Accelerated prediction of dielectric functions in solar cell materials with graph neural networks

TL;DR

This work demonstrates an ALIGNN-based framework to predict the complex dielectric function $D(\omega)$ directly from crystal structures using TB-mBJ data, enabling rapid SLME screening across millions of materials. Two independent models predict the real and imaginary parts of $D(\omega)$, achieving robust accuracy (MAE:MAD ~ 0.36–0.55 and CSD ~ 0.43–0.55) and yielding ML-augmented SLME predictions with $\text{MAE} \approx 1.95\%$ and $R^2 \approx 0.84$. Application to the Alexandria database reveals clear elemental and perovskite-related trends, notably that vanadium-based perovskites exhibit a substantially higher fraction of high-SLME compounds, underscoring their promise for optoelectronic applications. The approach enables scalable, high-throughput discovery of dielectric-function–driven materials and provides design guidance for next-generation solar absorbers and related devices.

Abstract

We present an atomistic line graph neural network (ALIGNN) model for predicting dielectric functions directly from crystal structures. Trained on $\sim$7000 dielectric functions from the JARVIS-DFT database computed with a meta-GGA exchange-correlation functional, the model accurately reproduces spectral features, including peak intensities and overall line shapes, while enabling efficient high-throughput screening. Applied to the recently developed Alexandria materials database, containing over four hundred thousand insulating materials, we uncover a clear elemental trend, with vanadium emerging as a strong indicator of materials with high-spectroscopic limited maximum efficiency (SLME). In particular, vanadium-based perovskite materials show a substantially higher fraction of high-SLME compounds compared to the database average, underscoring their promise for optoelectronic applications.

Figures (9)

• Figure 1: Flow chart demonstrating the proposed technique, where software and data transfer components are represented in solid and dashed boxes respectively.
• Figure 2: Distribution of MAE:MAD scores across the test set for the proposed model in obtaining (a) imaginary part ($\mathfrak I [D(\omega)]$) & (b) real part ($\mathfrak R [D(\omega)]$) of the dielectric function; quartiles are indicated as shaded regions.
• Figure 3: 5 best (top) and 5 worst (bottom) examples from the performance of $\mathfrak I [D(\omega)]$ model.
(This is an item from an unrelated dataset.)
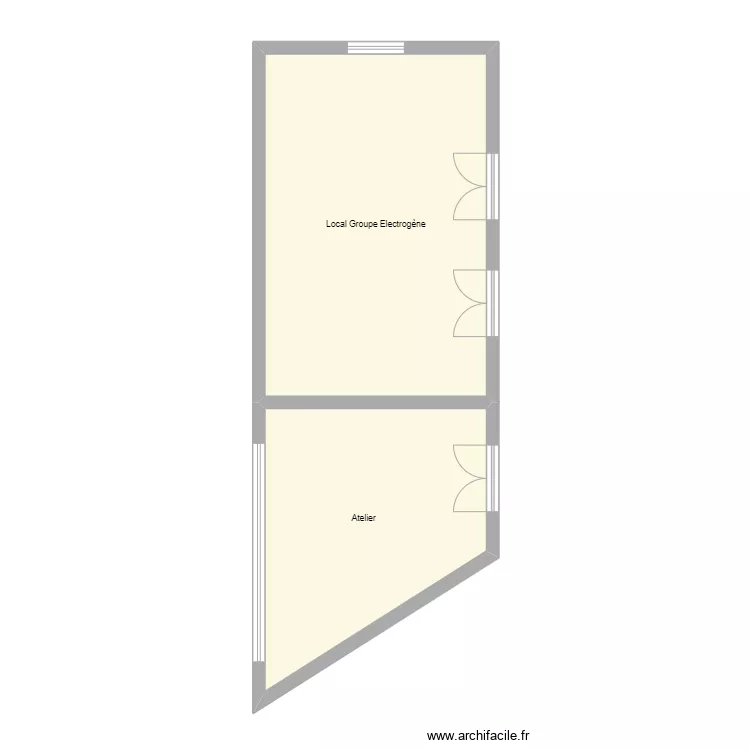 Atelier Lattes. Plan de Atelier Lattes. Plan de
Red and black represent predicted and reference data respectively.
• Figure 4: 5 best (top) and 5 worst (bottom) examples from the performance of $\mathfrak R [D(\omega)]$ model. Red and black represent predicted and reference data respectively.
• Figure 5: Distribution of the absolute errors in Spectroscopic Limited Maximum Efficiency (SLME) across the test set with MAE of 1.95%.